Class lsst::meas::modelfit::Optimizer

class Optimizer

A numerical optimizer customized for least-squares problems with Bayesian priors.

The algorithm used by Optimizer combines the Gauss-Newton approach of approximating the second-derivative (Hessian) matrix as the inner product of the Jacobian of the residuals, while maintaining a matrix of corrections to this to account for large residuals, which is updated using a symmetric rank-1 (SR1) secant formula. We assume the prior has analytic first and second derivatives, but use numerical derivatives to compute the Jacobian of the residuals at every step. A trust region approach is used to ensure global convergence.

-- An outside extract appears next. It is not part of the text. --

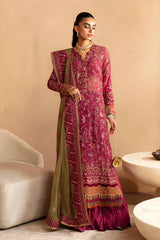 Xenia | NALIKA | Embroidered Chiffon Dress with Raw Silk Trouser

We consider the function \(f(x)\) we wish to optimize to have two terms, which correspond to negative log likelihood ( \(\chi^2/2=\|r(x)|^2\), where \(r(x)\) is the vector of residuals at \(x\)) and negative log prior \(q(x)=-\ln P(x)\):

\[ f(x) = \frac{1}{2}\|r(x)\|^2 + q(x) \]
At each iteration \(k\), we expand \(f(x)\) in a Taylor series in \(s=x_{k+1}-x_{k}\):
\[ f(x) \approx m(s) = f(x_k) + g_k^T s + \frac{1}{2}s^T H_k s \]
where
\[ g_k \equiv \left.\frac{\partial f}{\partial x}\right|_{x_k} = J_k^T r_k + \nabla q_k;\quad\quad J_k \equiv \left.\frac{\partial r}{\partial x}\right|_{x_k} \]
\[ H_k = J_k^T J_k + \nabla^2 q_k + B_k \]
Here, \(B_k\) is the SR1 approximation term to the second derivative term:
\[ B_k \approx \sum_i \frac{\partial^2 r^{(i)}_k}{\partial x^2}r^{(i)}_k \]
which we initialize to zero and then update with the following formula:
\[ B_{k+1} = B_{k} + \frac{v v^T}{v^T s};\quad\quad v\equiv J^T_{k+1} r_{k+1} - J^T_k r_k \]
Unlike the more common rank-2 BFGS update formula, SR1 updates are not guaranteed to produce a positive definite Hessian. This can result in more accurate approximations of the Hessian (and hence more accurate covariance matrices), but it rules out line-search methods and the simple dog-leg approach to the trust region problem. As a result, we should require fewer steps to converge, but spend more time computing each step; this is ideal when we expect the time spent in function evaluation to dominate the time per step anyway.